▸ **WORK ORDER**: Copy all the lines below without altering anything.

*** Opening DATA SUPPLIED ***

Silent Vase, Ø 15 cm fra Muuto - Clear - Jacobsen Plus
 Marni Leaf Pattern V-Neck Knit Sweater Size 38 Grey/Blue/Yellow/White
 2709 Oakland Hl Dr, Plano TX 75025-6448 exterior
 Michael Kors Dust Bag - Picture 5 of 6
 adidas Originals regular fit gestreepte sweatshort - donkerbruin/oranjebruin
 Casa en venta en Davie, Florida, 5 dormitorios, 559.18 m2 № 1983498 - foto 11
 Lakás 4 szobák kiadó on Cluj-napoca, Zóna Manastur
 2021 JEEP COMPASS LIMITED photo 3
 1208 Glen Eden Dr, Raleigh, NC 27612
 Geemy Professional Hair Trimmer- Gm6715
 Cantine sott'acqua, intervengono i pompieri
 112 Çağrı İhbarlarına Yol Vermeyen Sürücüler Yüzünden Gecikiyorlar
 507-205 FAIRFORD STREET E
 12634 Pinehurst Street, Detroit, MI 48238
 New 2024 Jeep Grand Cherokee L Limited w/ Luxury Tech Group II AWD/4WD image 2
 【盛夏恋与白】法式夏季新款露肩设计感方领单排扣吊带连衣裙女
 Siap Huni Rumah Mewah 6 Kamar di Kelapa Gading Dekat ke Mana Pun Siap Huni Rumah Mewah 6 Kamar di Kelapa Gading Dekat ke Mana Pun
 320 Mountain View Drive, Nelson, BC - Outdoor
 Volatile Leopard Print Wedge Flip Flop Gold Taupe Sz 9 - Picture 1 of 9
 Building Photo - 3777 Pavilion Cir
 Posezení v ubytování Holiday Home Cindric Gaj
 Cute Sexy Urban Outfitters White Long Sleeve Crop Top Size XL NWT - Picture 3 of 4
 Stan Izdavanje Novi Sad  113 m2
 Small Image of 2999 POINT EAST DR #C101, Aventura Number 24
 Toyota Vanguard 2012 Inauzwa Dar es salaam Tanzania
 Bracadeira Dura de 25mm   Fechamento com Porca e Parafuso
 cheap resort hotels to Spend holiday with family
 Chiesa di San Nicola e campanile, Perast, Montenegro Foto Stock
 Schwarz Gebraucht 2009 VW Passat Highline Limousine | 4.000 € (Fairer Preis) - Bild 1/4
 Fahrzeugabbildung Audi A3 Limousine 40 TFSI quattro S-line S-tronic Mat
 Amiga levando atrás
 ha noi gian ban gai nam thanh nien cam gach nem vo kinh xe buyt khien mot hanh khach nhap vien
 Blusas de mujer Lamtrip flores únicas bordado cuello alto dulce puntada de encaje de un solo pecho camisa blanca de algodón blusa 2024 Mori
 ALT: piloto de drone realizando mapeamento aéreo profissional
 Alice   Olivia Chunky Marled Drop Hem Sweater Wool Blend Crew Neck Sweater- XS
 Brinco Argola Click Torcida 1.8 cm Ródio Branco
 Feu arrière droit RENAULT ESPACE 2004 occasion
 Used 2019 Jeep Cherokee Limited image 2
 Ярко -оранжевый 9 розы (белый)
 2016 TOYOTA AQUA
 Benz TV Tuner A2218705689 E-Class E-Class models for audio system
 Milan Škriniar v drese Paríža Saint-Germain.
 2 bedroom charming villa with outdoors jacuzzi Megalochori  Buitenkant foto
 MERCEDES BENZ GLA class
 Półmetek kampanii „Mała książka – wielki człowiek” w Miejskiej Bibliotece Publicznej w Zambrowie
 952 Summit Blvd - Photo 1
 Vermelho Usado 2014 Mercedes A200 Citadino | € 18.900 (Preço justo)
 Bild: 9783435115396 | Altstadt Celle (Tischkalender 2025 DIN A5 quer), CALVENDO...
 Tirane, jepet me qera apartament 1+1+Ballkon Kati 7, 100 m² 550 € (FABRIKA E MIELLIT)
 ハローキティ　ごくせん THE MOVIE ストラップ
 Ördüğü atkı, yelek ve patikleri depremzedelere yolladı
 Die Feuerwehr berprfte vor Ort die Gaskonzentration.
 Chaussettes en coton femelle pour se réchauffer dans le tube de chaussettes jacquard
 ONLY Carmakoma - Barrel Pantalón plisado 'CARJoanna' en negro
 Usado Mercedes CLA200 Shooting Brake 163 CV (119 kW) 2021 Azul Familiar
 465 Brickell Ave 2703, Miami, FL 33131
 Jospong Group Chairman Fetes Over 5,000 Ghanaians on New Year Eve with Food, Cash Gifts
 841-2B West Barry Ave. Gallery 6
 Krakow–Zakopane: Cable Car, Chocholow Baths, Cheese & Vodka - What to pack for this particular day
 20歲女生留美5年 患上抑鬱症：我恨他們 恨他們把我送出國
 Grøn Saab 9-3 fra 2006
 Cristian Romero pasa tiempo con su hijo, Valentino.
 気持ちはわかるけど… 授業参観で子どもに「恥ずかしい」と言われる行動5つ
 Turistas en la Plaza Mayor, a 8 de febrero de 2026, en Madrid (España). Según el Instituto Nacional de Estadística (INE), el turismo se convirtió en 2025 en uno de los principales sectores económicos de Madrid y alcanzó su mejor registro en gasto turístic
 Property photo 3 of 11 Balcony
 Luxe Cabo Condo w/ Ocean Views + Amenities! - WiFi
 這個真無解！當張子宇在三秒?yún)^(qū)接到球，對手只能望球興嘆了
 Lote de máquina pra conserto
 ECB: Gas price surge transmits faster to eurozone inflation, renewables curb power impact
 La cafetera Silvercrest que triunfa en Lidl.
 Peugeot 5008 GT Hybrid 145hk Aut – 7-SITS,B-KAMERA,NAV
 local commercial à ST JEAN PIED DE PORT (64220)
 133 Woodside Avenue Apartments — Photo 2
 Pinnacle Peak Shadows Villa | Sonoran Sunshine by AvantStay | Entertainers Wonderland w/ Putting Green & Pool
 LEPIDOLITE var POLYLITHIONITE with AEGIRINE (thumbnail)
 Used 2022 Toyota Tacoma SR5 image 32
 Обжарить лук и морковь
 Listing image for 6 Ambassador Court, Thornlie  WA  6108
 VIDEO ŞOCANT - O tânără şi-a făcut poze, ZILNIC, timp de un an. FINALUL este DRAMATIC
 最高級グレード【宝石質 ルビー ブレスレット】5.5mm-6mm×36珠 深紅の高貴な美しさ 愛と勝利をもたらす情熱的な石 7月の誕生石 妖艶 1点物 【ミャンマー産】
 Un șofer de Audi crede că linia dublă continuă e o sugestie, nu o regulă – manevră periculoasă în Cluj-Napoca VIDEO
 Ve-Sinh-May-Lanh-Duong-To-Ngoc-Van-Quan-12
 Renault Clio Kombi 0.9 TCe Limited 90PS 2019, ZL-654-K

*** Closing DATA SUPPLIED ***

▸ **EXERCISE RESULT**:
Silent Vase, Ø 15 cm fra Muuto - Clear - Jacobsen Plus
 Marni Leaf Pattern V-Neck Knit Sweater Size 38 Grey/Blue/Yellow/White
 2709 Oakland Hl Dr, Plano TX 75025-6448 exterior
 Michael Kors Dust Bag - Picture 5 of 6
 adidas Originals regular fit gestreepte sweatshort - donkerbruin/oranjebruin
 Casa en venta en Davie, Florida, 5 dormitorios, 559.18 m2 № 1983498 - foto 11
 Lakás 4 szobák kiadó on Cluj-napoca, Zóna Manastur
 2021 JEEP COMPASS LIMITED photo 3
 1208 Glen Eden Dr, Raleigh, NC 27612
 Geemy Professional Hair Trimmer- Gm6715
 Cantine sott'acqua, intervengono i pompieri
 112 Çağrı İhbarlarına Yol Vermeyen Sürücüler Yüzünden Gecikiyorlar
 507-205 FAIRFORD STREET E
 12634 Pinehurst Street, Detroit, MI 48238
 New 2024 Jeep Grand Cherokee L Limited w/ Luxury Tech Group II AWD/4WD image 2
 【盛夏恋与白】法式夏季新款露肩设计感方领单排扣吊带连衣裙女
 Siap Huni Rumah Mewah 6 Kamar di Kelapa Gading Dekat ke Mana Pun Siap Huni Rumah Mewah 6 Kamar di Kelapa Gading Dekat ke Mana Pun
 320 Mountain View Drive, Nelson, BC - Outdoor
 Volatile Leopard Print Wedge Flip Flop Gold Taupe Sz 9 - Picture 1 of 9
 Building Photo - 3777 Pavilion Cir
 Posezení v ubytování Holiday Home Cindric Gaj
 Cute Sexy Urban Outfitters White Long Sleeve Crop Top Size XL NWT - Picture 3 of 4
 Stan Izdavanje Novi Sad  113 m2
 Small Image of 2999 POINT EAST DR #C101, Aventura Number 24
 Toyota Vanguard 2012 Inauzwa Dar es salaam Tanzania
 Bracadeira Dura de 25mm   Fechamento com Porca e Parafuso
 cheap resort hotels to Spend holiday with family
 Chiesa di San Nicola e campanile, Perast, Montenegro Foto Stock
 Schwarz Gebraucht 2009 VW Passat Highline Limousine | 4.000 € (Fairer Preis) - Bild 1/4
 Fahrzeugabbildung Audi A3 Limousine 40 TFSI quattro S-line S-tronic Mat
 Amiga levando atrás
 ha noi gian ban gai nam thanh nien cam gach nem vo kinh xe buyt khien mot hanh khach nhap vien
 Blusas de mujer Lamtrip flores únicas bordado cuello alto dulce puntada de encaje de un solo pecho camisa blanca de algodón blusa 2024 Mori
 ALT: piloto de drone realizando mapeamento aéreo profissional
 Alice   Olivia Chunky Marled Drop Hem Sweater Wool Blend Crew Neck Sweater- XS
 Brinco Argola Click Torcida 1.8 cm Ródio Branco
 Feu arrière droit RENAULT ESPACE 2004 occasion
 Used 2019 Jeep Cherokee Limited image 2
 Ярко -оранжевый 9 розы (белый)
 2016 TOYOTA AQUA
 Benz TV Tuner A2218705689 E-Class E-Class models for audio system
 Milan Škriniar v drese Paríža Saint-Germain.
 2 bedroom charming villa with outdoors jacuzzi Megalochori  Buitenkant foto
 MERCEDES BENZ GLA class
 Półmetek kampanii „Mała książka – wielki człowiek” w Miejskiej Bibliotece Publicznej w Zambrowie
 952 Summit Blvd - Photo 1
 Vermelho Usado 2014 Mercedes A200 Citadino | € 18.900 (Preço justo)
 Bild: 9783435115396 | Altstadt Celle (Tischkalender 2025 DIN A5 quer), CALVENDO...
 Tirane, jepet me qera apartament 1+1+Ballkon Kati 7, 100 m² 550 € (FABRIKA E MIELLIT)
 ハローキティ　ごくせん THE MOVIE ストラップ
 Ördüğü atkı, yelek ve patikleri depremzedelere yolladı
 Die Feuerwehr berprfte vor Ort die Gaskonzentration.
 Chaussettes en coton femelle pour se réchauffer dans le tube de chaussettes jacquard
 ONLY Carmakoma - Barrel Pantalón plisado 'CARJoanna' en negro
 Usado Mercedes CLA200 Shooting Brake 163 CV (119 kW) 2021 Azul Familiar
 465 Brickell Ave 2703, Miami, FL 33131
 Jospong Group Chairman Fetes Over 5,000 Ghanaians on New Year Eve with Food, Cash Gifts
 841-2B West Barry Ave. Gallery 6
 Krakow–Zakopane: Cable Car, Chocholow Baths, Cheese & Vodka - What to pack for this particular day
 20歲女生留美5年 患上抑鬱症：我恨他們 恨他們把我送出國
 Grøn Saab 9-3 fra 2006
 Cristian Romero pasa tiempo con su hijo, Valentino.
 気持ちはわかるけど… 授業参観で子どもに「恥ずかしい」と言われる行動5つ
 Turistas en la Plaza Mayor, a 8 de febrero de 2026, en Madrid (España). Según el Instituto Nacional de Estadística (INE), el turismo se convirtió en 2025 en uno de los principales sectores económicos de Madrid y alcanzó su mejor registro en gasto turístic
 Property photo 3 of 11 Balcony
 Luxe Cabo Condo w/ Ocean Views + Amenities! - WiFi
 這個真無解！當張子宇在三秒?yún)^(qū)接到球，對手只能望球興嘆了
 Lote de máquina pra conserto
 ECB: Gas price surge transmits faster to eurozone inflation, renewables curb power impact
 La cafetera Silvercrest que triunfa en Lidl.
 Peugeot 5008 GT Hybrid 145hk Aut – 7-SITS,B-KAMERA,NAV
 local commercial à ST JEAN PIED DE PORT (64220)
 133 Woodside Avenue Apartments — Photo 2
 Pinnacle Peak Shadows Villa | Sonoran Sunshine by AvantStay | Entertainers Wonderland w/ Putting Green & Pool
 LEPIDOLITE var POLYLITHIONITE with AEGIRINE (thumbnail)
 Used 2022 Toyota Tacoma SR5 image 32
 Обжарить лук и морковь
 Listing image for 6 Ambassador Court, Thornlie  WA  6108
 VIDEO ŞOCANT - O tânără şi-a făcut poze, ZILNIC, timp de un an. FINALUL este DRAMATIC
 最高級グレード【宝石質 ルビー ブレスレット】5.5mm-6mm×36珠 深紅の高貴な美しさ 愛と勝利をもたらす情熱的な石 7月の誕生石 妖艶 1点物 【ミャンマー産】
 Un șofer de Audi crede că linia dublă continuă e o sugestie, nu o regulă – manevră periculoasă în Cluj-Napoca VIDEO
 Ve-Sinh-May-Lanh-Duong-To-Ngoc-Van-Quan-12
 Renault Clio Kombi 0.9 TCe Limited 90PS 2019, ZL-654-K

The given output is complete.